Pues bueno, querido lector, esta es una noticia importante para la humanidad: se terminó la infancia, las miradas de nuestros niños están puestas en una pantalla.

No quiero parecer la típica mujer amargada que recuerda y compara, pero cuando yo era pequeña mi mamá me dejaba en el deportivo y yo me las ingeniaba para pasarla bien toda la tarde, veía a mis amigas, jugaba, platicaba y tomaba alguna clase. Hoy en día, con el objetivo de que mi hijo haga deporte lo inscribí a alguna clase, lo que obtuve a cambio es un niño que hace lo necesario para cumplir y luego regresa con prisa en la tarde  para tomar su celular y volver a conectarse.

Como cualquier madre me he visto en la necesidad de castigar a mis hijos, y resulta que en estos tiempos ya es un poco difícil controlar el castigo, pues hay que vigilar que no toquen el celular, el iPad, la lap top y la consola, ¡qué tarea tan tediosa! Era más fácil para nuestros padres vigilar que no viéramos la tele por unas cuantas horas.

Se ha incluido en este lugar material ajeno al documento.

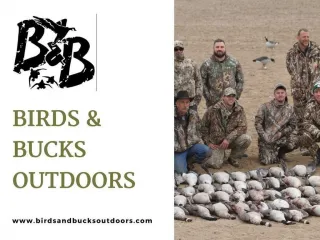 Colorado Waterfowl Hunting Guides - slide 1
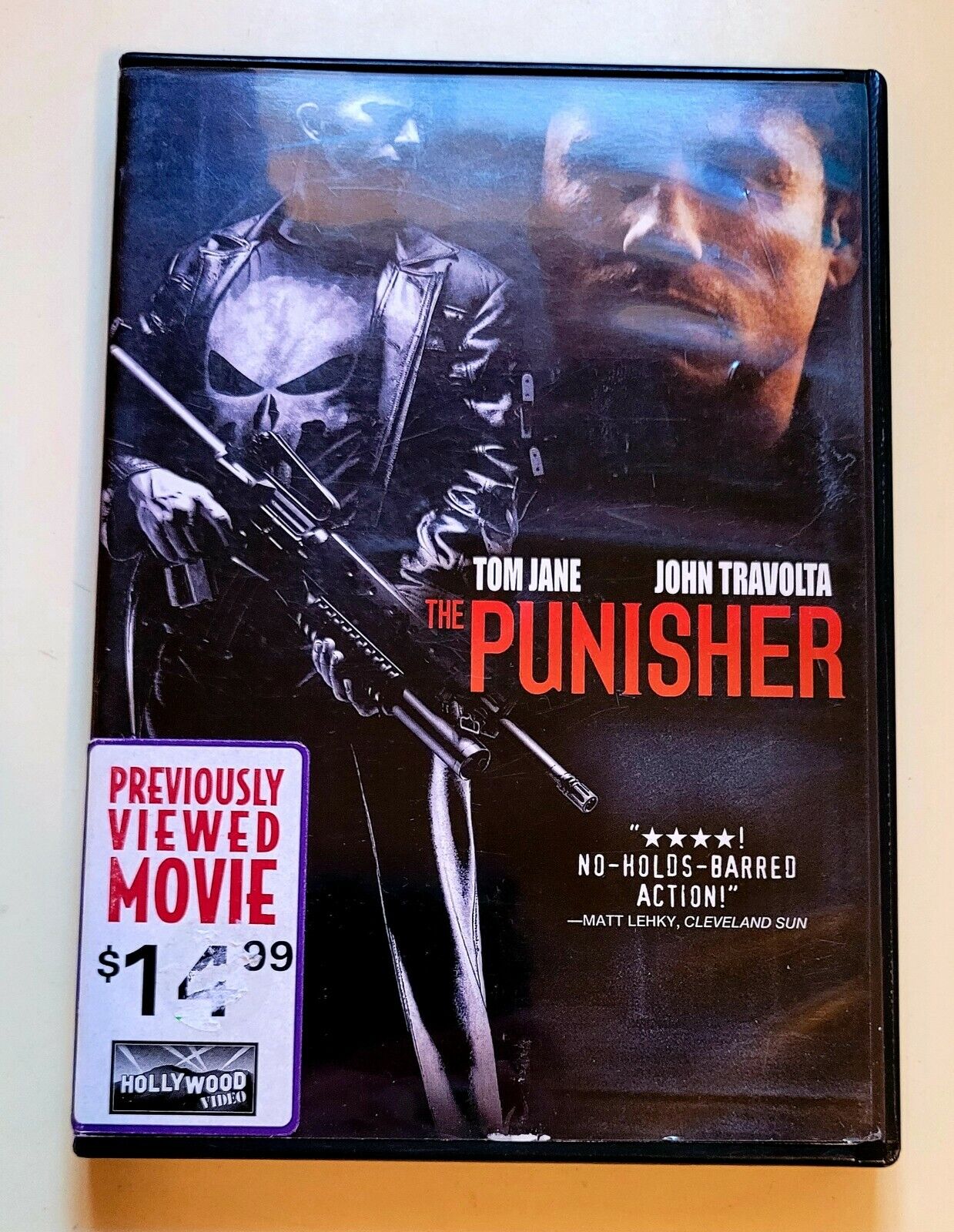 The Punisher Movie Poster - Super Hero - Marvel - Thomas Jane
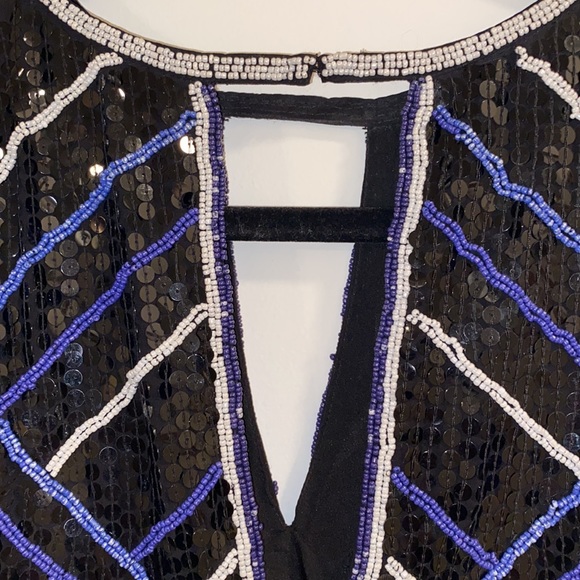 Parker Grande Embellished Dress - Picture 7 of 10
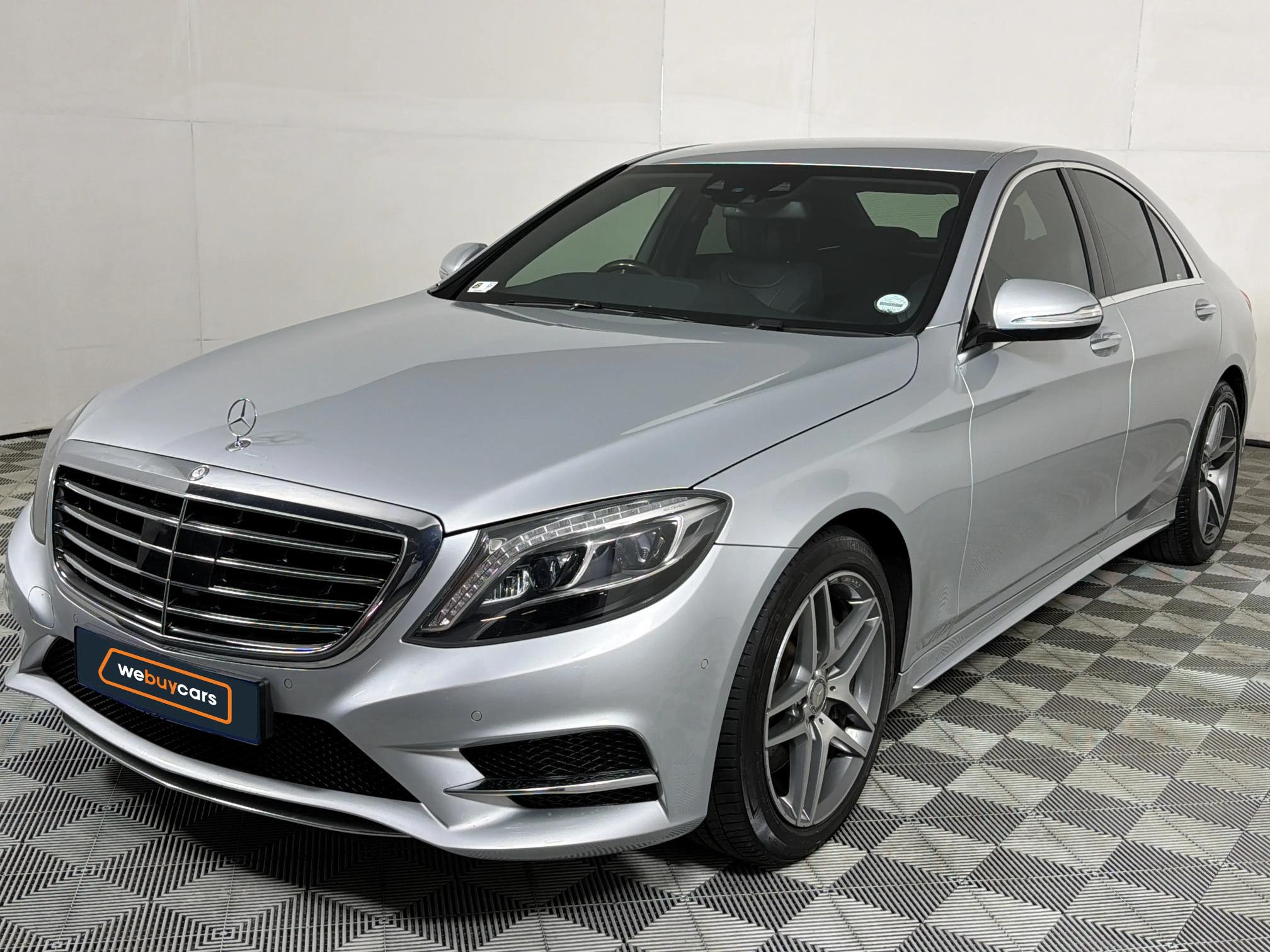 Used 2014 Mercedes-Benz S-Class S400h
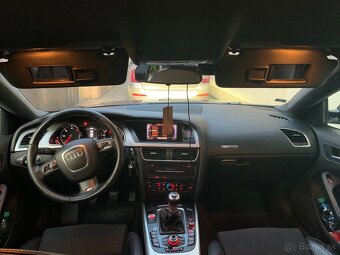 Predám Audi A5, S-Line, 125Kw Diesel, r.v. 2011 - 8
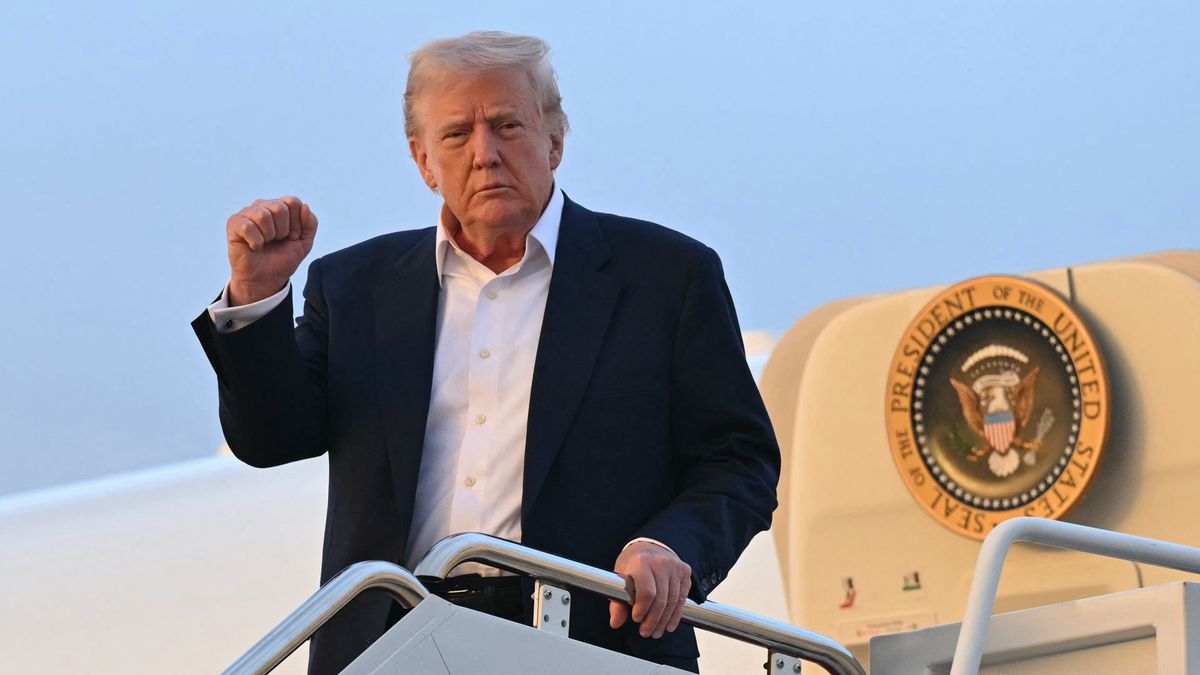 A Trump-tornádó idején hazánkban jó szelek fújak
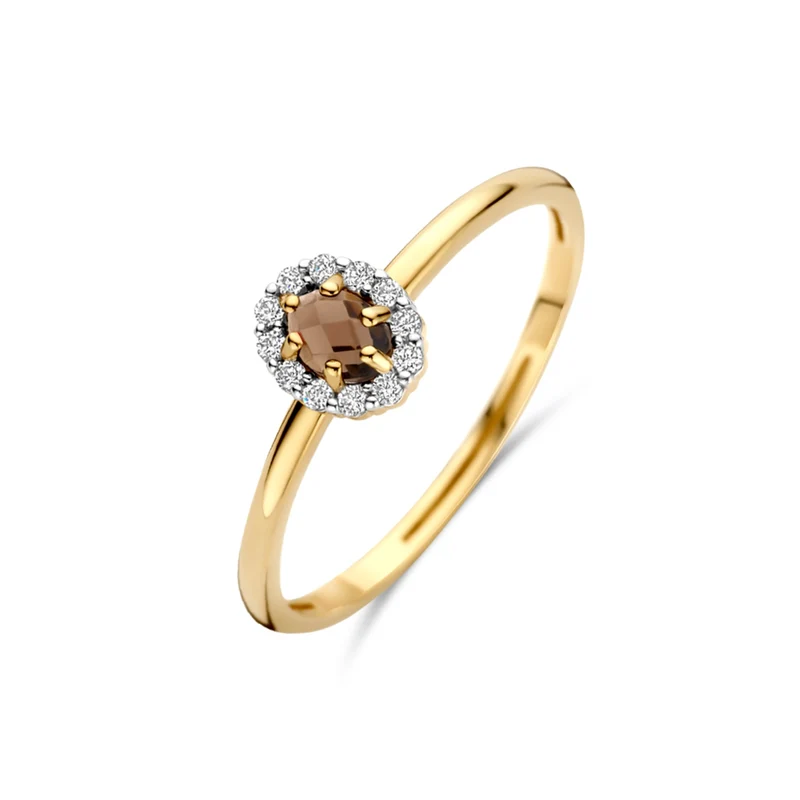 Blush 14 karat gold Ring 1258YSQ/54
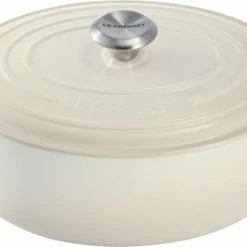 Le Creuset Bräter Signature Rund In Meringue 31 Cm / 7,0 L / Oval -Casserole shop 21178317164430 BRAeTER OVAL SIG 31 CM MERINGUE web 4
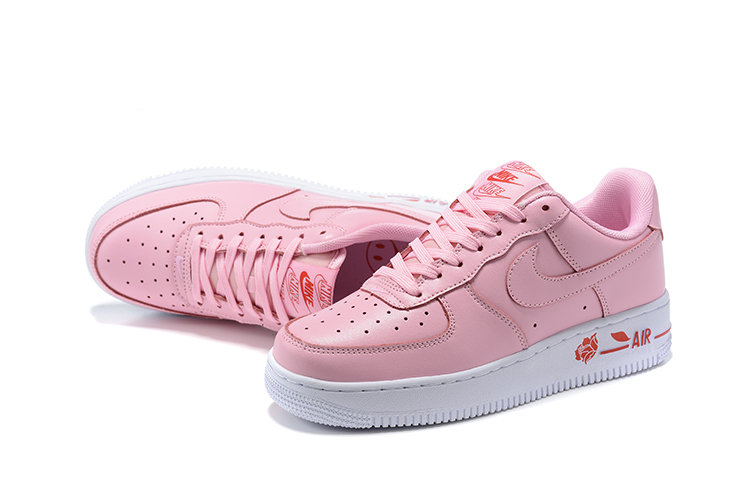 pink air force ones low top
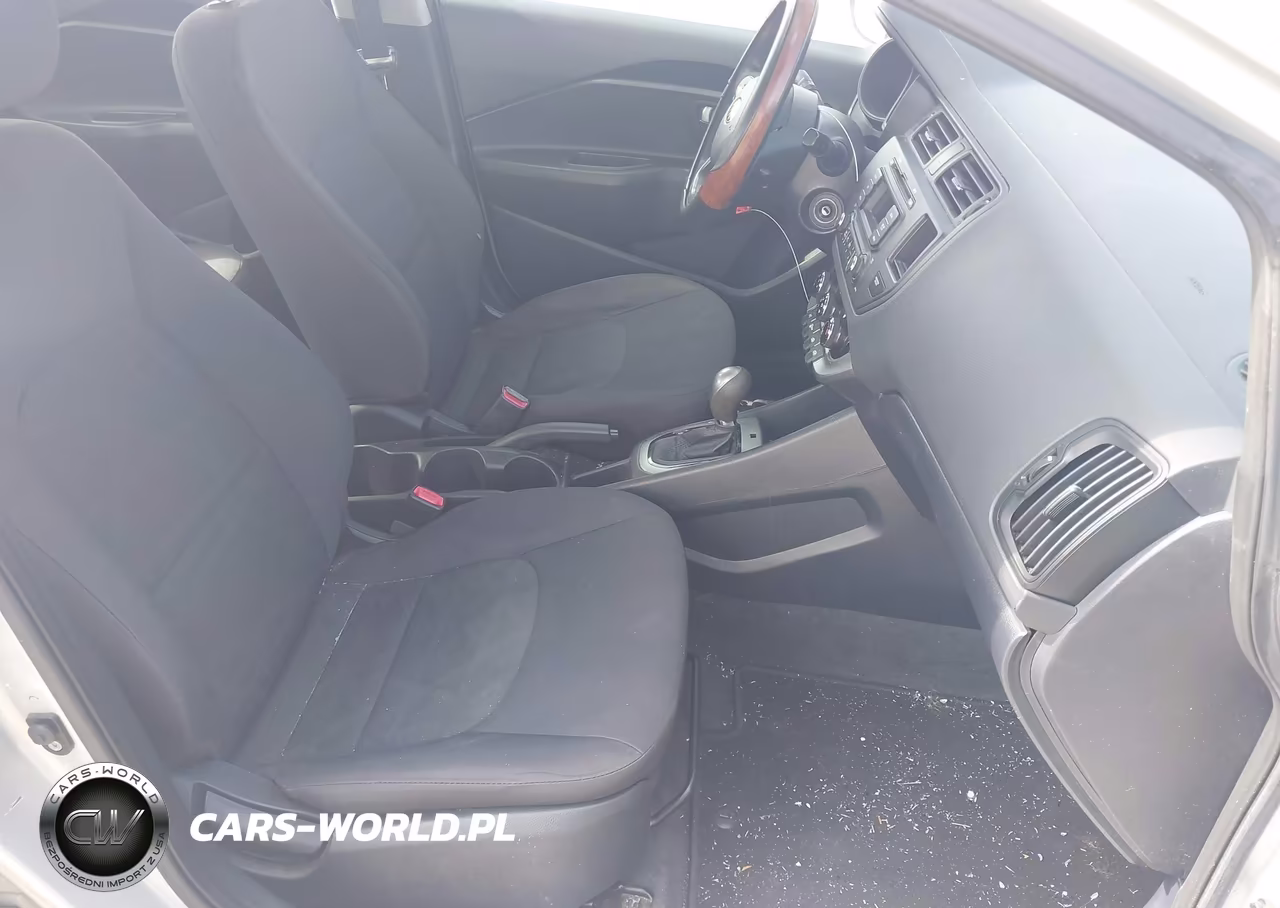 2013 Kia Rio Lx VIN:KNADM4A34D6179312 - 5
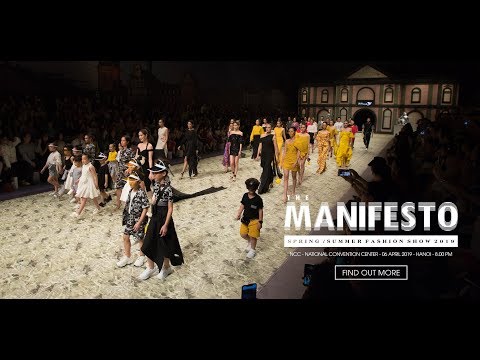IVY moda SPRING/SUMMER FASHION SHOW 2019 - THE MANIFESTO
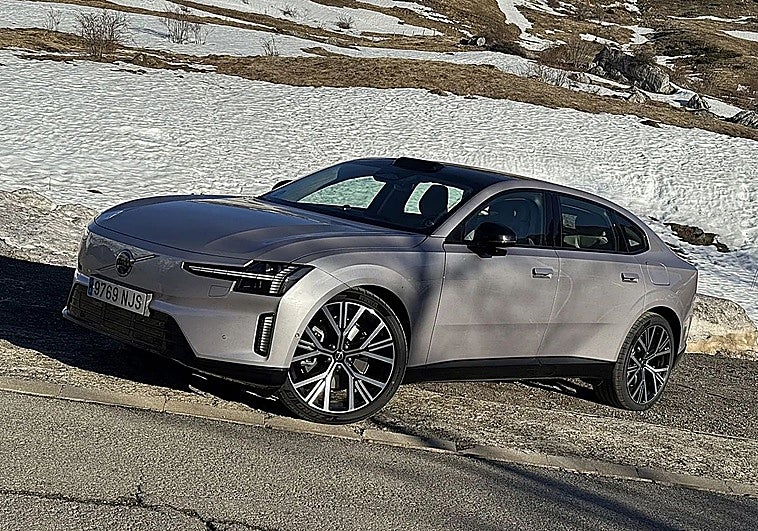 El nuevo Volvo ES90 redefine el lujo sueco eléctrico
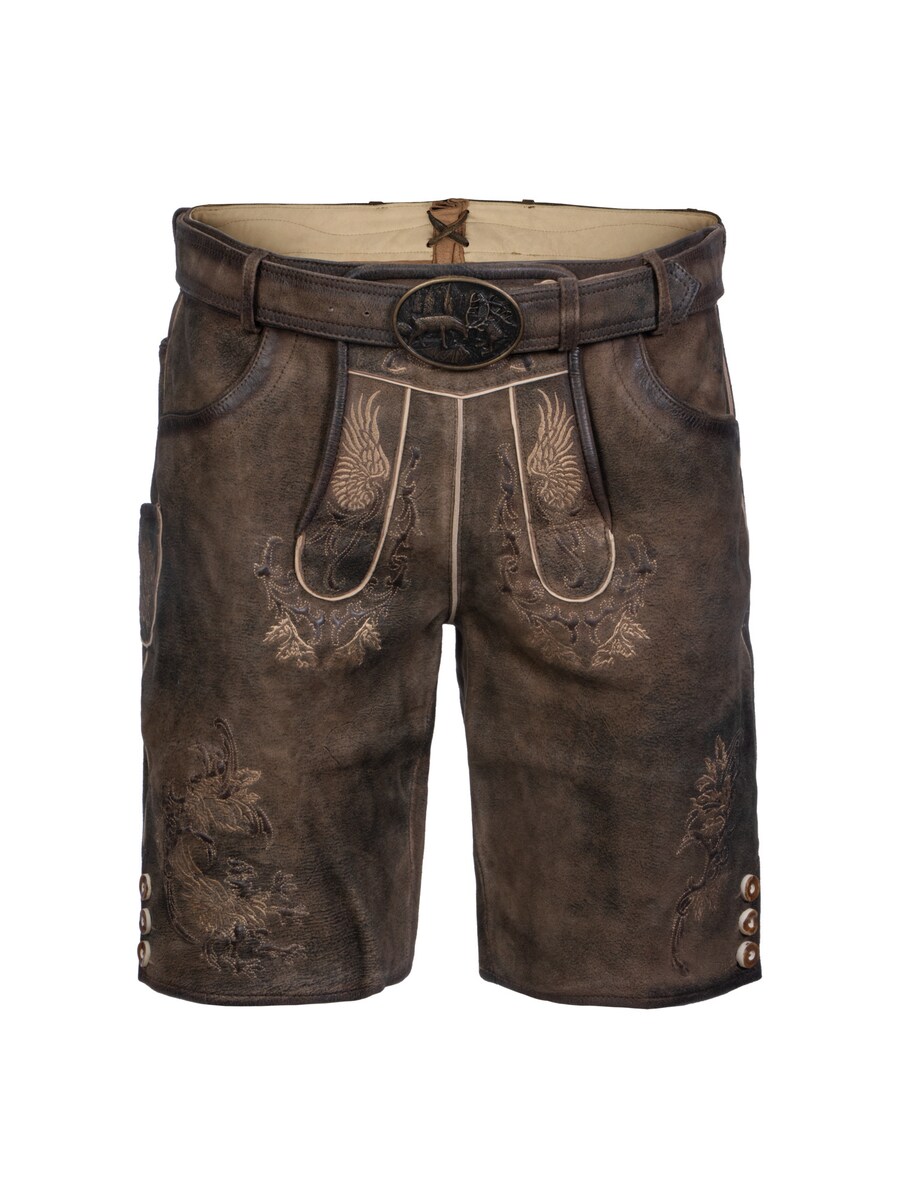 

Обычные традиционные брюки SPIETH & WENSKY Fassing, коричневый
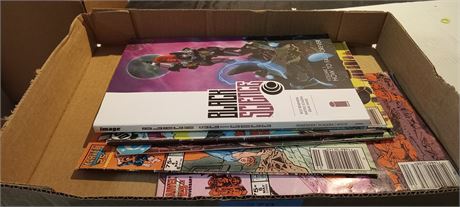 Lot Of Comic Books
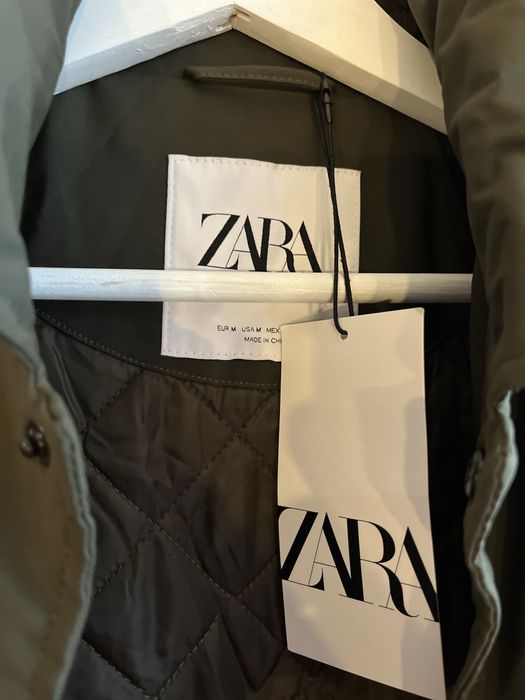 ZARA мъжко зелено яке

En fin, no voy a tocar el tema del contenido nocivo y hasta peligroso que pueden encontrar en internet nuestros hijos, ese es un tema independiente que hoy no nos concierne, hoy solo quiero concluir que el celular de mis hijos me ha dado tantos problemas, angustias y motivos de discusión, que me pregunto si hubiera podido evitar tan nefasta adquisición.

Los niños de la actualidad se han llenado de juguetes caros que es una pesadilla tanto tener como cuidar, pues en la escuela mi hijo ya tiene una nueva responsabilidad: cuidar su celular.

Ahora que si yo le quito el dispositivo convertiría a mi hijo en el único chavo de secundaria que no lleva a la escuela su celular, y no, no quiero el odio gratuito de mi hijo por convertirlo en la excepción de un hábito general.

Así que ahí está el problema, un problema que sin duda es complicado, ahora solo me pregunto: ¿en qué momento nos equivocamos tanto?